Each Environment contains a deployment of FreeIPA and a Data Lake cluster that support the following security and governance activities:
- Free IPA identity and security services
-
- LDAP: User Directory
- Kerberos KDC: Manages a Kerberos Realm for the Environment
- DNS: Provides internal resolution of workload hostnames
- Certificate Authority: Issues TLS certificates for internal use, and for the in-bound CDP control connections
- Data Lake cluster services
-
- Hive Metastore: Tabular metadata storage
- Ranger: Security policies and audit trail
- Atlas: Data lineage, tagging, analytics
- ID Broker: Mapping of CDP identities to cloud provider identities
- Knox: A proxy gateway for access to cluster services
- Cloudera Manager: Local management for the data lake services
Communication to the CDP Control Plane includes the following:
- Free IPA identity and security services
-
-
User and Group synchronization
-
Service Principal management
-
Retrieving the CA root certificate
-
- Data Lake cluster services
-
- Core lifecycle management operations (sent directly between CDP and Cloudera Manager to include the Knox proxy as one of the managed entities; shown as a dashed line in the picture)
- Communication (via Knox proxy)
- General Cloudera Manager operations
- Ranger operations to manage repositories for workloads
- ID Broker mappings (updated via Cloudera Manager)
- Data Catalog communicates with Atlas and Ranger to surface information
Data Hub communication endpoints
Data Hub clusters are built on the same underlying technology as the Data Lake cluster and so present a similar connectivity profile.
Communication to the CDP Control Plane includes the following:
- Free IPA identity and security services
-
-
User and Group synchronization
-
Service Principal management
-
Retrieving the CA root certificate
-
- Data Lake cluster services
-
- Core lifecycle management operations (sent directly between CDP and Cloudera Manager because the Knox proxy is one of the managed entities; shown as a dashed line in the previous picture)
- Communication (via Knox proxy)
- General Cloudera Manager operations
- Service-specific communication depending on the specific DataHub cluster in question
Data Warehouse communication endpoints
The Data Warehouse service operates significantly differently from Data Hub, as it runs on top of a Kubernetes cluster and does not include a Cloudera Manager instance.
Primary command and control communication goes to the Kubernetes API server.

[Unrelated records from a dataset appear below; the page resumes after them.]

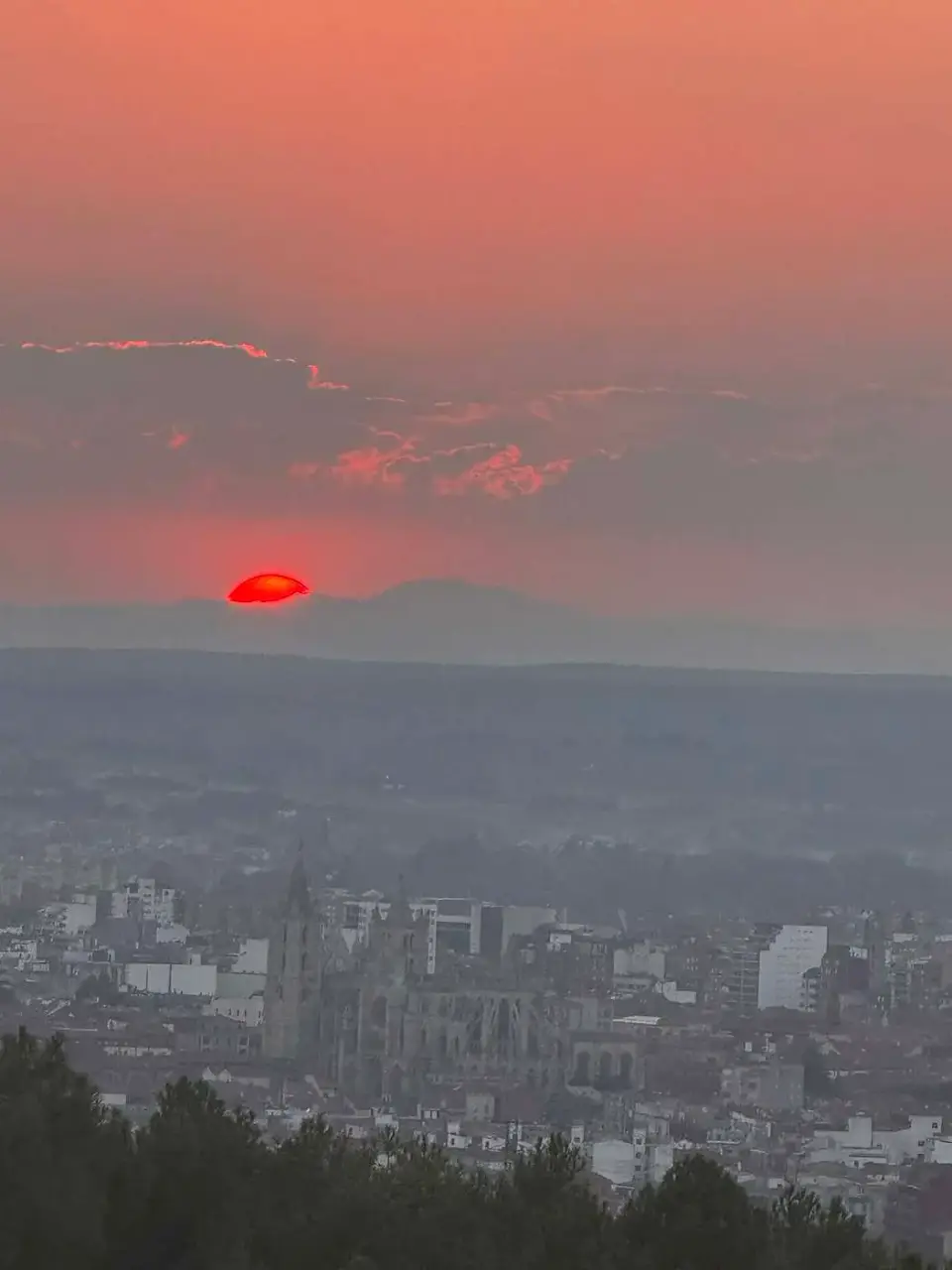 Sol rojo del eclipse ocultándose tras los cerros de León
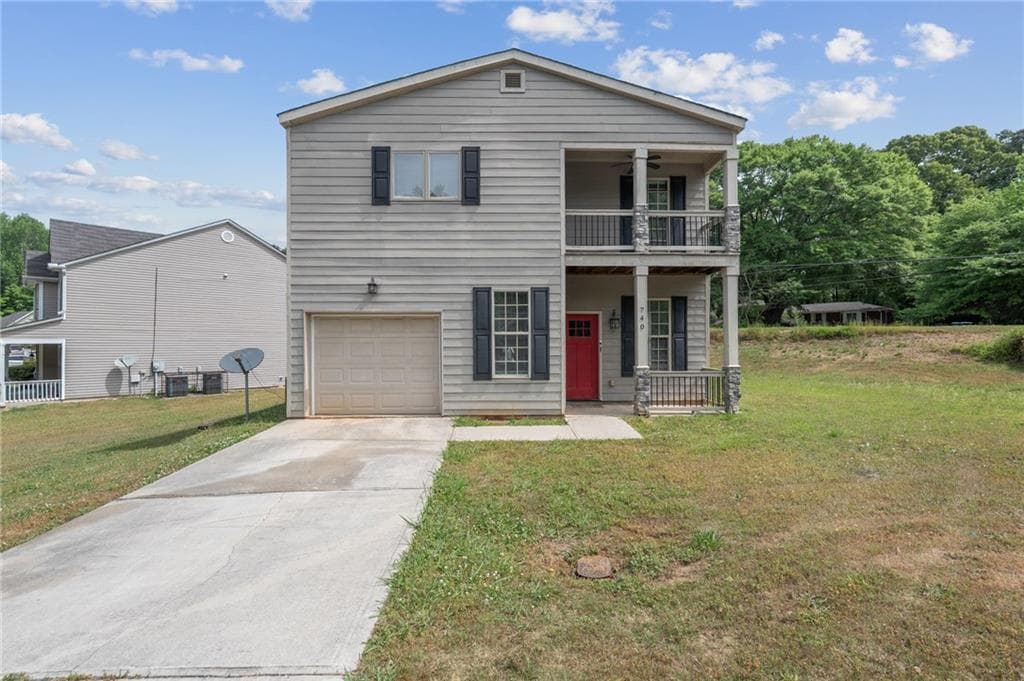 3 bedroom, 3 bathroom, 1,944 sq ft single family residence for sale at 740 Dot Drive, Atlanta, GA 30349 — photo 1 of 38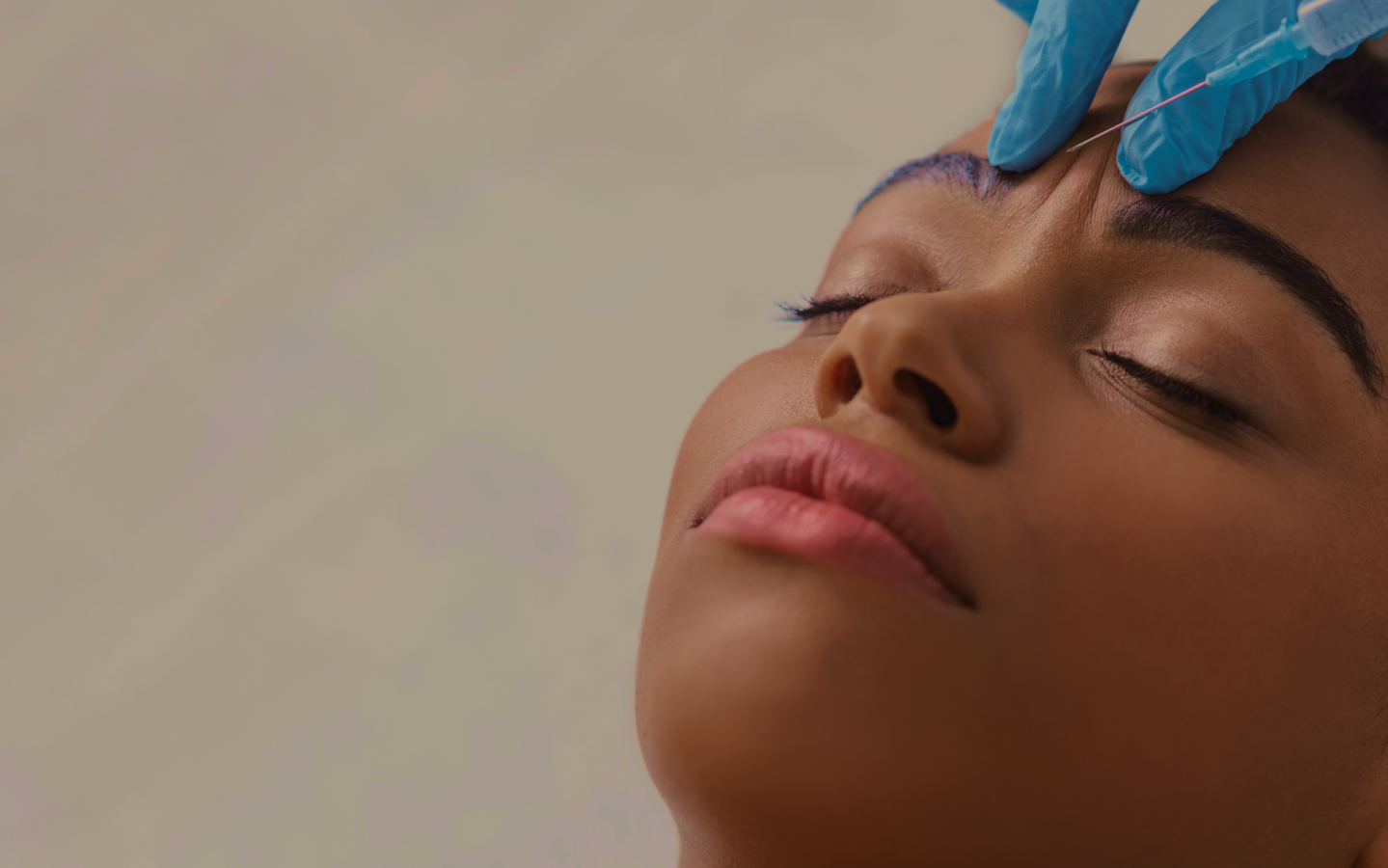 Close-up of a woman's face during a cosmetic procedure; gloved hand with needle near her forehead.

This endpoint is specific to a particular Kubernetes cluster, but it is provisioned by the cloud provider outside of the customer VPC. Whether or not it is Internet-facing is independent of the VPC configuration. The Data Warehouse service doesn’t make connections to endpoints in the cluster.
Machine Learning communication endpoints
In terms of communication, a Machine Learning Workspace looks very similar to a Data Warehouse workspace in that it is also a Kubernetes cluster, although the contents differ.
Primary command and control communication goes to the Kubernetes API server. This endpoint is specific to a particular Kubernetes cluster, but it is provisioned by the cloud provider outside of the customer VPC. Whether or not it is Internet-facing is independent of the VPC configuration. The Machine Learning service doesn’t make connections to endpoints in the cluster.